Internal pancreatic fistulae involving the gut may not require surgical intervention and are often discovered as incidental findings at endoscopic retrograde pancreatography. Pancreaticocutaneous fistulae frequently follow external drainage of pseudocysts or may complicate pancreatic surgery. They often respond to conservative measures but surgical resection of the involved pancreas may be needed.
Pancreatic cancer
Most workers accept that hereditary chronic pancreatitis predisposes to pancreatic cancer and there is now some epidemiological evidence suggesting that non-hereditary chronic pancreatitis may also be a premalignant condition. Definition of the relationship between chronic inflammation and cancer is difficult as the two conditions frequently coexist and an occluding cancer may give rise to inflammation.
PROGNOSIS
The prognosis in chronic pancreatitis depends on the frequency and severity of the attacks, need for surgery, and the development of complications, notably diabetes. Alcoholics who fail to stop drinking undoubtedly fare worse than non-alcoholics and alcoholics who abstain.
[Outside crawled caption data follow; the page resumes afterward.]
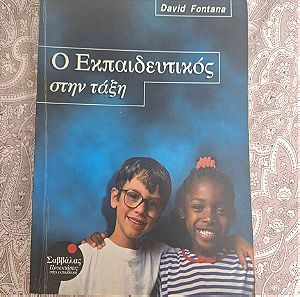 Βιβλίο Ο Εκπαιδευτικός στην τάξη του David Fontana ΣΑΒΒΑΛΑΣ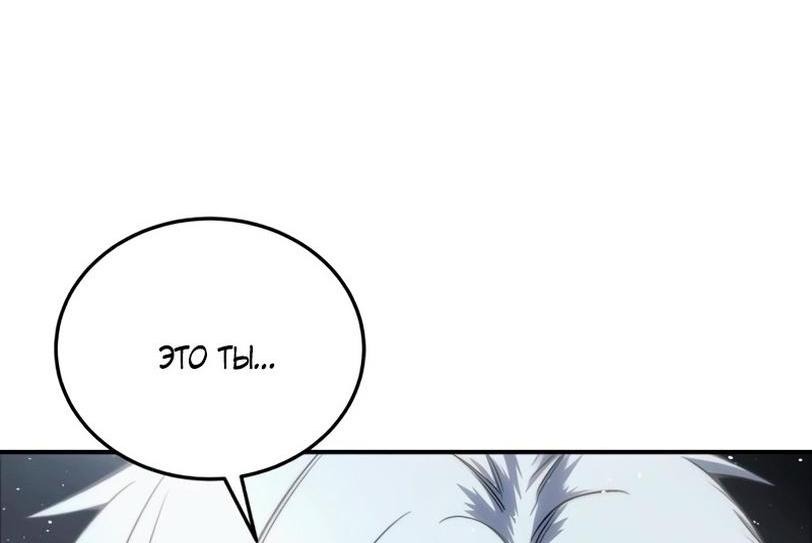 Read Звёздный мастер меча RU Manga Online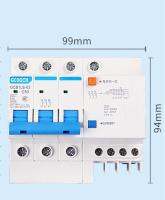 RCBO 30mA GCDQCN 3P+N เบรกเกอร์กันดูด ตัดวงจรไฟฟ้า เมื่อมีไฟรั่ว ไฟดูด ไฟ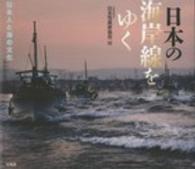 日本の海岸線をゆく―日本人と海の文化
Given the importance of alcohol as an aetiological factor and its associated personality and social upset, it is hardly surprising that patients with chronic pancreatitis have a lower life expectancy than the general population. The complications of the disease, drug addiction, depression, brittle diabetes, malnutrition, and increased risk of non-pancreatic cancer combine to reduce longevity. Reported survival rates vary greatly according to the nature of the series of patients studied. The cumulative survival rate based on life table analysis in alcoholics with or without surgery is about 50 per cent at 20 to 24 years from onset of the disease; non-alcoholic patients have survival rates which are some 20 per cent higher.